Alexis Merlot et Antoine Roussel sont cousins, et aussi jumeaux de cœur. Du même âge, ils ont grandi sur la même ferme, suivi les mêmes études d’ingénieur à l’ISA de Lille, et choisi tous les deux de revenir en même temps sur l’exploitation familiale de Villers-sur-Authie, dans la Somme. « C’est lors d’un stage en Australie en 2008, que l’idée de monter un élevage de wagyu nous est venue, explique Alexis. Il s’agit de la race japonaise qui fournit le célèbre bœuf de Kobé. »
Il leur fallait développer une activité pour intégrer le Gaec qui comptait deux associés, le père d’Antoine, Benoît, et Régis, celui d’Alexis, aujourd’hui décédé. Les éleveurs ont fait venir d’Australie en 2009, leurs douze premiers embryons de wagyu congelés qu’ils ont transplantés sur des génisses prim’holsteins. Les associés du Gaec Merlot-Roussel ne sont pas autorisés à utiliser l’expression « bœuf de Kobé » réservée à la viande produite dans la préfecture de Kobé au Japon. C’est une race de petit gabarit à la viande persillée, extrêmement tendre.
Montée en puissance
Alexis et Antoine ont aussi fait le choix d’investir dans l’irrigation lorsqu’ils se sont installés, pour produire des jeunes carottes et des salsifis sous contrat pour Bonduelle et des pommes de terre pour McCain.
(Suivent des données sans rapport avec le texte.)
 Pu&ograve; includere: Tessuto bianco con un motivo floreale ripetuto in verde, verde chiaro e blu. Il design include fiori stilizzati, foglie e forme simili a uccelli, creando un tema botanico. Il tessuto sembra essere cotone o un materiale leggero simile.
Ils ne savaient pas que la fin des quotas leur donnerait la possibilité de doubler leur production de lait. « En tant que jeunes agriculteurs, nous avons bénéficié d’un contrat de production supplémentaire de 300 000 l chacun. Nous avons repris le troupeau et le contrat d’un voisin, précise Antoine Roussel. Résultat, notre production de lait va passer de 550 000 l en 2015-2016, à 900 000 en 2016-2017 et à 1,4 million en 2018-2019. »
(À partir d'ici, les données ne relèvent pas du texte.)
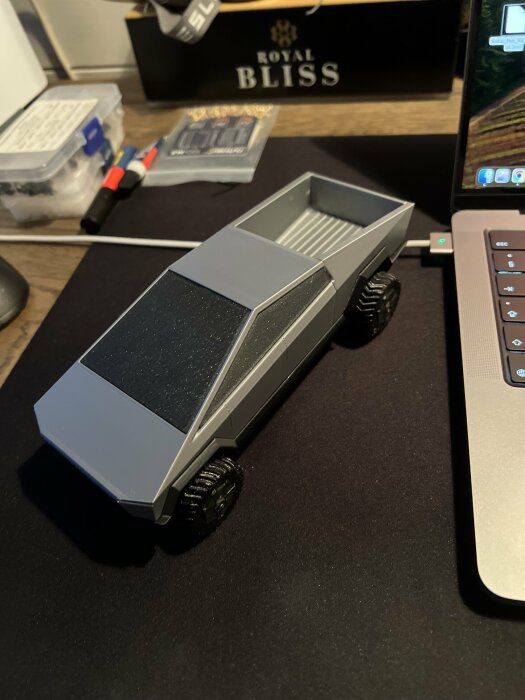 En modell av en pickup-truck med futuristisk design på ett skrivbord, intill en laptop.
La montée en puissance de l’élevage wagyu est plus lente, car tout est à faire, de la naissance des vaches à la commercialisation de la viande. Les premières transplantations ont donné quatre veaux, soit un taux de réussite d’un tiers, dans la moyenne pour ce type d’opération. Le Gaec a racheté 60 embryons en 2011, avec le même taux de réussite. Aujourd’hui, il dispose d’un troupeau de 45 animaux dont 16 vaches.
« Le persillé de la viande vient de la race, précise Alexis Merlot. La consommation de bière par les animaux fait partie de la légende ! En revanche, nous leur donnons de la levure pour faciliter l’ingestion. » Les veaux passent la première année en pâture sous la mère, puis ils sont engraissés à l’étable pour être vendus à l’âge de 36 à 40 mois. « Les bœufs mangent beaucoup, le double des charolais, 10 kg/j d’une ration sèche, indique Benoît Roussel. Ce qui explique qu’ils accumulent du gras dans les muscles. »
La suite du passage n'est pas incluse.